Quel est ce domaine du Graal? C'est d'une certaine manière ce qu'est
cette forêt dans laquelle
Siegfried
tua le dragon. C'est le monde astral élémentaire, dans lequel
on cherche la forteresse du Graal.
Klingsor
, l'ennemi de la fraternité du Graal, est une entité qui ressemble
aux puissances qui peuvent développer leur activité dans l'égoïsme
de l'homme, comme
Alberich
et Hagen
l'étaient aussi.
Amfortas
n'a tout d'abord pas suffisamment évolué pour être en
situation de vaincre
Klingsor.
De grandes reliques sacrées se trouvent dans la forteresse du Graal,
à la garde d'
Amfortas.
Klingsor
a arraché la sainte lance des mains d'
Amfortas
, lors d'un combat, du fait qu'
Amfortas
a succombé à la séductrice
Kundry ,
une entité mauvaise, dont les effets peuvent devenir pervers sur l'âme;
Elle agit aussi dans l'égoïsme de l'être humain. On peut
l'appeler Vénus ou Paradis, car Lucifer et Ahriman sont intimement
unis au point de se confondre dans sa nature. Richard Wagner nous décrit
ce personnage de
Kundry comme
servant les Chevaliers du Graal dans sa conscience diurne, mais sous la coupe
de Klingsor
par l'impureté de son Je, dans sa conscience nocturne, lorsque son
Je n'est pas libre et que sans le vouloir, elle est vouée à
Klingsor
pendant la nuit. Elle paraît donc comme une âme hésitant
entre le bien et le mal, qui n'est plus maître sur le mal.
Amfortas
voulait vaincre le sorcier, le magicien noir, avec les forces divines de
la lance, mais il tomba sous le pouvoir de
Kundry .
Il n'était donc pas mûr, il n'était pas parvenu à
la catharsis supérieure du Je. Il ne pouvait pas encore surmonter
l'égoïsme qui a son siège dans la convoitise. La pureté
du Je lui faisait défaut. Un autre devait venir: "Par compassion
sachant, le candide fol".
(4) Celui-ci
devait apporter toute la vigueur et la maturité du Je.
Parsifal
avait tué un cygne. Il y a beaucoup de choses à dire sur cette
mort du cygne. Le Je personnel a donc effectivement tué l'élément
spirituel, représenté par le cygne, par son égoïsme.

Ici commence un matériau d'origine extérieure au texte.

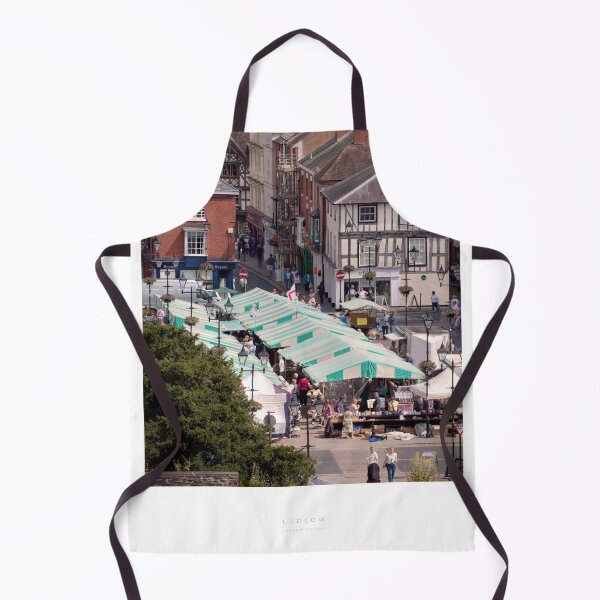 Item preview, Ludlow, Shropshire designed and sold by andrewroland.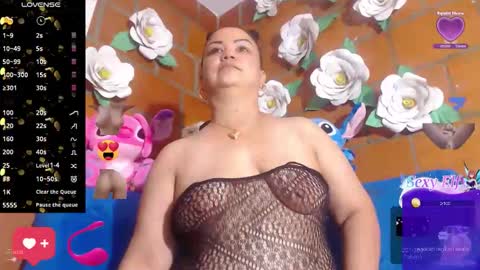 Ingrit online show from 06.03.26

Dans le regard du cygne mourant,
Parsifal
apprend ce que signifie tuer. Il apprend à ressentir de la compassion
et de l'amour à l'égard du monde animal, auquel l'être
humain est redevable. Il apprend ce que faire du mal veut dire. Il doit recevoir
une seconde leçon en répondant aux questions que
Gurnemanz
lui pose.
Parsifal
ne sait répondre à aucune. Pourtant à celle-ci: "Dis,
maintenant, tu ne sais rien de ce que je te demande: Conte alors ce que tu
sais. Car enfin, tu dois savoir quelque chose!", il répond: "J'ai
une mère;
Herzéloïde
est son nom; la forêt et la prairie sauvage furent notre demeure."
(5) En effet,
l'être humain n'accède pas au domaine du Graal sans cette mère.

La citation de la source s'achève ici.